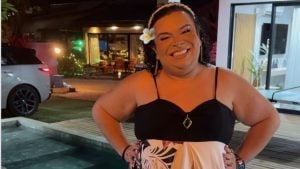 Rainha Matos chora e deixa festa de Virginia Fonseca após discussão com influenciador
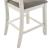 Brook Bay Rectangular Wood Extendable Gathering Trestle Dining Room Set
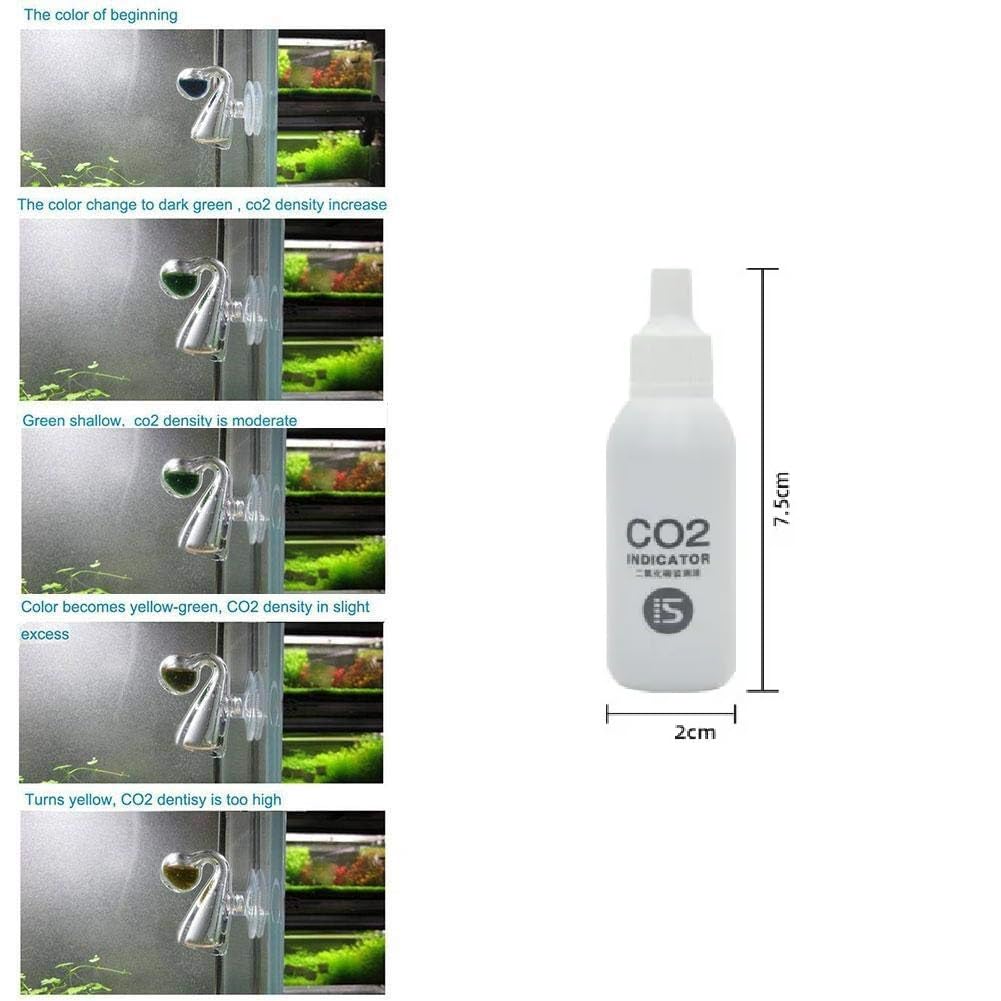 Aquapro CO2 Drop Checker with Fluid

* * *

**REQUIRED WORK:**
Give every line of the listing above again, exactly, with no images.

**RESPONSE:**
 Rainha Matos chora e deixa festa de Virginia Fonseca após discussão com influenciador
 Brook Bay Rectangular Wood Extendable Gathering Trestle Dining Room Set
 Aquapro CO2 Drop Checker with Fluid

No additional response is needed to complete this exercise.